Jamie and I have been doing SOO GOOOOOD [to be read in Teen Girl Squad voice] with P90X. I’ve even gotten back into a pair of my size 12 pants!! Which means I’ve dropped about 2 sizes! Yay! Needless to say, I’ve been feeling super good about myself. I feel like I look a whole lot better, and I actually FEEL a lot better! … That is … until I see a photo of myself.
I know, I know, say it all you want. But its demotivating that just when you thought you were looking so hott, you see a picture of yourself looking so not hott. And its not like I was doing something strange in the picture. You know, those pictures where you were in the middle of saying something and your face is all contorted. Nope, I was just standing there, and the picture is awful. Of course, it doesn’t help that I was standing next to my bro-in-law who is uber thin and another super tall thin guy, and was holding my baby who is uber tiny too. It was just a horrible picture. And what makes it all so much worse, is when someone else sees that picture and says something like, “oh, thats a good picture”…. and you think, “OH, fantastic, so I normally look WORSE than THAT??!!”
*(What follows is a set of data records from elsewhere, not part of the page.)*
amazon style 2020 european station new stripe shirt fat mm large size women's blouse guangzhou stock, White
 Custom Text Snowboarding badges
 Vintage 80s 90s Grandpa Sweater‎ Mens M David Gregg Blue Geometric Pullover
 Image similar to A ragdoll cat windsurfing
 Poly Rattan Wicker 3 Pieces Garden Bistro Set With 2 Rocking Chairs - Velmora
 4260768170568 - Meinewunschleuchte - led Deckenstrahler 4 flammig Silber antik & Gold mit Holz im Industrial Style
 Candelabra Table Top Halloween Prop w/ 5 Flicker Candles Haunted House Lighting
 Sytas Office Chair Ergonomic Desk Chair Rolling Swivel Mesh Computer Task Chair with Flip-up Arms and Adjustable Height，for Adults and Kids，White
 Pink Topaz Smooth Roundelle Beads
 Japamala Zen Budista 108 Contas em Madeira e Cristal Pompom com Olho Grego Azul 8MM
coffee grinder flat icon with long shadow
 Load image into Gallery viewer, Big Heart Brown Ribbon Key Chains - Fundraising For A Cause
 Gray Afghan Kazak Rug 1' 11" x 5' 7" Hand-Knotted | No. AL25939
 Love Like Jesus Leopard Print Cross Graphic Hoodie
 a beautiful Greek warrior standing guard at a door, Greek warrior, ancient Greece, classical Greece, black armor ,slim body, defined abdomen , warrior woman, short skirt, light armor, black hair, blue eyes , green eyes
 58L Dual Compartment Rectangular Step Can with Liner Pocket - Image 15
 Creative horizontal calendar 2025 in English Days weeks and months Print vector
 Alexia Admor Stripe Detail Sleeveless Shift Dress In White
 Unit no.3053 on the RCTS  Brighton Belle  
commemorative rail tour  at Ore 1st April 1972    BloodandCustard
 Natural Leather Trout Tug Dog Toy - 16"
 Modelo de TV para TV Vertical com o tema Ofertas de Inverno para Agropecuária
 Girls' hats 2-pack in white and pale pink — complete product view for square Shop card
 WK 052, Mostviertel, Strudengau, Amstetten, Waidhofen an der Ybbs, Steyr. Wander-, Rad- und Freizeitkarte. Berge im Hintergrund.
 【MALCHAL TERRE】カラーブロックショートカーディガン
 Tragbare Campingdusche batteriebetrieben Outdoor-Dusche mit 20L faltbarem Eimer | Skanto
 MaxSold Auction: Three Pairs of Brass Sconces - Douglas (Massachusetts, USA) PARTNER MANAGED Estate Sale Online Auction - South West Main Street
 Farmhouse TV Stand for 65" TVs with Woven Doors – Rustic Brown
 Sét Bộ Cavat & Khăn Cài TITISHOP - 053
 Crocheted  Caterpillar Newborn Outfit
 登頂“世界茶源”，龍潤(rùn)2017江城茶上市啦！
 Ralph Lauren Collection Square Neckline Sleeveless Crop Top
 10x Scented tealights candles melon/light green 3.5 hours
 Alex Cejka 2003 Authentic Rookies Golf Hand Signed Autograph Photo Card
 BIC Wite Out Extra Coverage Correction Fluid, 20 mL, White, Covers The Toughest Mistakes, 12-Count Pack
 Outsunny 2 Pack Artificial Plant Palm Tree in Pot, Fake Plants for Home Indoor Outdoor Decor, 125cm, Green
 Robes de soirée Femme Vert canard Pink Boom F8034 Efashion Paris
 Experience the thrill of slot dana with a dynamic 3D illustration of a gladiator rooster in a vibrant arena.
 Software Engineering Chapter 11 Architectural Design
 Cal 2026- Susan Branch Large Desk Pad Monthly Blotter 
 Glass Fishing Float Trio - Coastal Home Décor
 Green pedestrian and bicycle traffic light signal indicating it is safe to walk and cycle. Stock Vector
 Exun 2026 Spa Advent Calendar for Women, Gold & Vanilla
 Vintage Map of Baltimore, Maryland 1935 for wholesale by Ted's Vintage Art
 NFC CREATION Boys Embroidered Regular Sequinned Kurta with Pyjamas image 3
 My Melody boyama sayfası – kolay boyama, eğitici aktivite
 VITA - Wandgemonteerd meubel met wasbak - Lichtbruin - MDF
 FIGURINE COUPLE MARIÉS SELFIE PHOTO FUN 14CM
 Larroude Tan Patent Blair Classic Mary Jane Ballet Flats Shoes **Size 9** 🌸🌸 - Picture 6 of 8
That is almost as bad as when you are feeling awfully huge one day and someone says “you look like you are losing weight”, or you KNOW that you’ve gained some and someone says “you are looking so thin”… or my fave… someone said to me, “you’ve lost so much weight I didn’t recognize you” … I know they are trying to be nice and genuinely give you a compliment, and its wrong that it rubs me the wrong way … but still. It makes me wonder, “What do I look like all those other times?”.
Sorry for ranting, but it was on my mind. What things just rub you the wrong way??